The same observations were conducted for this product as in the Example 1. That is, the dot map of the seam section is as shown in FIG. 7, and the penetration by diffusion of the tin into the seam section was maximal, and it was found that the danger of segregation was serious even for plastic processing with low processing rate. Also the SEM photograph of the interior wall of the pipe was as shown in FIG. 8, while the tin and copper dot map was as shown in FIG. 9 and FIG. 10. The tin coating layer had hardly been formed and only the copper diffusion layer had formed.
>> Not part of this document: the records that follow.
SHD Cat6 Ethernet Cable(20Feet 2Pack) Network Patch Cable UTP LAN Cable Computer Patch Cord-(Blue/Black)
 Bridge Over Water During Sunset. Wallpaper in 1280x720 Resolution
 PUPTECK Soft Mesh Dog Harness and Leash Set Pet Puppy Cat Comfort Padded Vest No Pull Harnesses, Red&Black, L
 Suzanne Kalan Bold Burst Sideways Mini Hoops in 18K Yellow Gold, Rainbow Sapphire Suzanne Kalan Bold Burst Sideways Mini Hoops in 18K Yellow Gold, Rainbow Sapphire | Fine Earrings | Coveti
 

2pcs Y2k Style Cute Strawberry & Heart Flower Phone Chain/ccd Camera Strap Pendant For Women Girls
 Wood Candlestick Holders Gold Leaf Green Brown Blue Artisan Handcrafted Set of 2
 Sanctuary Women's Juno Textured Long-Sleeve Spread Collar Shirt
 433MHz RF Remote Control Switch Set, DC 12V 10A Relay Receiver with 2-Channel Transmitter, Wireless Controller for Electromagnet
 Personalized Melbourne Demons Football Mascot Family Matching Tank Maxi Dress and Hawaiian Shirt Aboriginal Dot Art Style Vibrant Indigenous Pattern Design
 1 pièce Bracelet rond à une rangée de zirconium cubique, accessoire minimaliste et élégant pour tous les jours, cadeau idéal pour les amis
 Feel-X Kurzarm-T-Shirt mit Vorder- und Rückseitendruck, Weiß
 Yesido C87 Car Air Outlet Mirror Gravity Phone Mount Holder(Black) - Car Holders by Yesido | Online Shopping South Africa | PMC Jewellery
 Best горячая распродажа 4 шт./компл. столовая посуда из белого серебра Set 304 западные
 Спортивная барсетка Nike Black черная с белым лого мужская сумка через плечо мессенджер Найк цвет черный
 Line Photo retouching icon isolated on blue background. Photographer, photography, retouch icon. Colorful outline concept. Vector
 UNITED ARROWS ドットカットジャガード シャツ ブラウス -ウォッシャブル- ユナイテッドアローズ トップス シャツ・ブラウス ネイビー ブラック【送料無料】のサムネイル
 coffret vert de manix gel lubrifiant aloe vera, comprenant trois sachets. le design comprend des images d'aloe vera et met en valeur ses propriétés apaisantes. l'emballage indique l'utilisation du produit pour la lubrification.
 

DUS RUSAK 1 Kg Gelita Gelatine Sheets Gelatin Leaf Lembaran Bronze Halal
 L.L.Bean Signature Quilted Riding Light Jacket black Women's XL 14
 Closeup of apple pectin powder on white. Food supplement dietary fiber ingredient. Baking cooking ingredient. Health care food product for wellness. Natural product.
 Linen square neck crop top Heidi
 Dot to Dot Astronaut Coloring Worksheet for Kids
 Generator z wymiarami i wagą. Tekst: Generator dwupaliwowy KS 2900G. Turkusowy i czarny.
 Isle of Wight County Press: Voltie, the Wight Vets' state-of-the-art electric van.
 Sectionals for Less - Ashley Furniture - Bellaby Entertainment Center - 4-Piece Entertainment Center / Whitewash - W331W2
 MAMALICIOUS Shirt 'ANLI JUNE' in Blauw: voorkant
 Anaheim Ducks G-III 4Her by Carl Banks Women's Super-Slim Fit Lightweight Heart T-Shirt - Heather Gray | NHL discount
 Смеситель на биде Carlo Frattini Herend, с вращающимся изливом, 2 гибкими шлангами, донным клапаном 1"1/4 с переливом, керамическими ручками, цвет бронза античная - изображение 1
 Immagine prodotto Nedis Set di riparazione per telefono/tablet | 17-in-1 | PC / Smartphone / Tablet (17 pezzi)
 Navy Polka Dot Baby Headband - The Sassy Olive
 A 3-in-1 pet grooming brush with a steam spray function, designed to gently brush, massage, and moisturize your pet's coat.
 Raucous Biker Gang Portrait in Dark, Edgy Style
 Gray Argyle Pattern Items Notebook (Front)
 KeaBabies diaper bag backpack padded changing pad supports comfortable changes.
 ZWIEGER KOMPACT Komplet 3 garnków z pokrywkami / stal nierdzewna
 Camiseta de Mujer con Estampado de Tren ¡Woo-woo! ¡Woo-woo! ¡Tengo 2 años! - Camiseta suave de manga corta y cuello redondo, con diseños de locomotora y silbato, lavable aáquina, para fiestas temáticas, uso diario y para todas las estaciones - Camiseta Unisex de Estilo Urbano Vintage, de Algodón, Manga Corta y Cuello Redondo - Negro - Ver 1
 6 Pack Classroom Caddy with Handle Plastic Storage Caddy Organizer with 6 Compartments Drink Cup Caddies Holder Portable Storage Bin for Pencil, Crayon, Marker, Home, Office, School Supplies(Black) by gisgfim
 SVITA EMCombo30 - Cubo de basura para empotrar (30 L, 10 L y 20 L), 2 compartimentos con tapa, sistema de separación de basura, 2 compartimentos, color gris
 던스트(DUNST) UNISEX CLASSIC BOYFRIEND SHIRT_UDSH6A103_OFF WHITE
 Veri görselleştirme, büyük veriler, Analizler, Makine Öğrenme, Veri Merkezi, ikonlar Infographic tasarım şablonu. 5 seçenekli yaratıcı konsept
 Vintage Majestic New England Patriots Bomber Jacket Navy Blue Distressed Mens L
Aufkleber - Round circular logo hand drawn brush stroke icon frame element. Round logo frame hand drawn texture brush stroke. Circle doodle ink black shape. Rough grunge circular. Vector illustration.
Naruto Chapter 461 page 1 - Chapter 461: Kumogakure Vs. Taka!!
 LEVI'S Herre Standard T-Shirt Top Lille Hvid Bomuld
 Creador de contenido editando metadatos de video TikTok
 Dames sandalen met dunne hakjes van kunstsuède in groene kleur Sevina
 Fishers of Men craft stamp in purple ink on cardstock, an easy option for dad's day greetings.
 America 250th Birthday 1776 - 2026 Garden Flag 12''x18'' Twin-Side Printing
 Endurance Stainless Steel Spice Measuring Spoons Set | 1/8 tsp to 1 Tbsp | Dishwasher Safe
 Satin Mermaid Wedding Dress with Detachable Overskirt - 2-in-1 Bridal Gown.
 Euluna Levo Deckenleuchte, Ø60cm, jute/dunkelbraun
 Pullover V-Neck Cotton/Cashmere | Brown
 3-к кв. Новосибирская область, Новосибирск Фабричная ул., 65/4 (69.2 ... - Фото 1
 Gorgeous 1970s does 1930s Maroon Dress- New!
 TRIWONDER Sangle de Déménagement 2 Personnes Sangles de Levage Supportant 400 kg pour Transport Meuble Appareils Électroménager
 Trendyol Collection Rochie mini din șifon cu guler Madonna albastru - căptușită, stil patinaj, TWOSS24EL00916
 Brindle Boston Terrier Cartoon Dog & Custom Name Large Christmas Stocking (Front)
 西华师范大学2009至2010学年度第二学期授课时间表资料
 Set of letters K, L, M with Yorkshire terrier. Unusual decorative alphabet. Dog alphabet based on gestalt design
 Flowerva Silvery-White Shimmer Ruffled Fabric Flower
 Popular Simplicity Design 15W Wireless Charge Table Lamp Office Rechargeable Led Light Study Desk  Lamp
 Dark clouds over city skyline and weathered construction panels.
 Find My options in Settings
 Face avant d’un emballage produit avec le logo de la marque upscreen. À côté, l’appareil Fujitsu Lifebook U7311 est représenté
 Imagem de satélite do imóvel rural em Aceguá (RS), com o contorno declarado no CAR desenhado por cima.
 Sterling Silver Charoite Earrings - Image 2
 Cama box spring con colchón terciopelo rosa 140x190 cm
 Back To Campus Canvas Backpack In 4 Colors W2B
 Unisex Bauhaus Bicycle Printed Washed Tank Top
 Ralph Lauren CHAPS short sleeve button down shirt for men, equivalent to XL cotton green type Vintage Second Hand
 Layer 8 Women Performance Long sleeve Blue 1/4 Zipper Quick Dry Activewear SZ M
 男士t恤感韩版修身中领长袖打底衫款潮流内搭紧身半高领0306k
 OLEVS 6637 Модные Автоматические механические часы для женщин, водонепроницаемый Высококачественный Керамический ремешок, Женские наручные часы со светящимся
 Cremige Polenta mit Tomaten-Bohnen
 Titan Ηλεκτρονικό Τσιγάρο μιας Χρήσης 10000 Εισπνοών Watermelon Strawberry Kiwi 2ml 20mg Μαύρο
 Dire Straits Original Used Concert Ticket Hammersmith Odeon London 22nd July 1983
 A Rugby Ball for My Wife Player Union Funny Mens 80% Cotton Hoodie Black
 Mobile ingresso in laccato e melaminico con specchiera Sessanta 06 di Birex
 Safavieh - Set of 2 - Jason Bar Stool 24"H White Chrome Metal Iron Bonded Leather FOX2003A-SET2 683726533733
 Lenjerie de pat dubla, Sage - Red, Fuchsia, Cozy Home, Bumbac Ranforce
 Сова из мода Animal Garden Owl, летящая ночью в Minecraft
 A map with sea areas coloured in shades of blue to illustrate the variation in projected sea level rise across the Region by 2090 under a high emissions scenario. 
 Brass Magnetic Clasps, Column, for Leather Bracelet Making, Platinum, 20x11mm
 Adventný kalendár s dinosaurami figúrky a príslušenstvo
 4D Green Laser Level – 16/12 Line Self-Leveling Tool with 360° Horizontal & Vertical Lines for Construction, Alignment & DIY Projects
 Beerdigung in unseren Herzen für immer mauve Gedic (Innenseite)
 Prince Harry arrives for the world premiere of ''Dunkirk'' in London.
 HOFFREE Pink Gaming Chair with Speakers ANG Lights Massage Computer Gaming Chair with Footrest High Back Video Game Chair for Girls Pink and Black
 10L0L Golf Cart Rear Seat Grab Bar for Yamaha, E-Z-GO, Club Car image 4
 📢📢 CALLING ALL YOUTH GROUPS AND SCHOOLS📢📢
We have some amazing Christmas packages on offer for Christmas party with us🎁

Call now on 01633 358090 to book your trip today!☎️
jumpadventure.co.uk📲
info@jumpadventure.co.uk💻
Also, through the SEM photograph, shown by FIG. 11, and the dot map of tin, shown in FIG. 12, it was observed that the tin had turned to a residue, lumped at the bottom of the pipe, so that uniform coating had not been formed.
A diameter 0.5 mm tin wire material was inserted into an electric welded pipe of external diameter 0.8 mm, thickness 0.7 mm, and length 7 m, plated inside with copper plate of thickness 3 μm, and treated as in the Example 1, to form a coating on the interior of the electric walled pipe.
The SEM photograph of the cross section segment, and the tin and copper dot maps of this product were observed by the same method as in the Example 1. As a result, as in Example 1, it was observed that a uniform coating had been formed.
Using an electric welded pipe similar to that used in Example 2, a tin based, zinc plated wire of diameter 0.5 mm was inserted, treated by the same method as in Example 1, to form a coating in the interior of the walled pipe.
Observations, similar to those conducted in the Example 2, were conducted and it was found that a similarily uniform coating had been formed.
Using an electric welded pipe similar to that used in Example 1, a tin-zinc clad wire material of diameter 0.5 mm was inserted in it, treated by the same method as in Example 1, to form a coating in the interior of the electric walled pipe.
Observations, similar to those conducted in the Example 2, were conducted, and it was found that a similarly uniform coating had been formed.
Using an electric walled pipe similar to that used in Example 2, a tin-zinc alloy wire material of diameter 0.5 mm was inserted, treated by the same method as in the Comparative Example 1, and observed by the same method as in Example 2.
As a result, the SEM photograph was as shown in FIG. 13, and the dot map of tin as snown in FIG. 14. Metal corrosion was found to be quite deep, and, furthermore, to have been formed intermittently throughout the length of the pipe.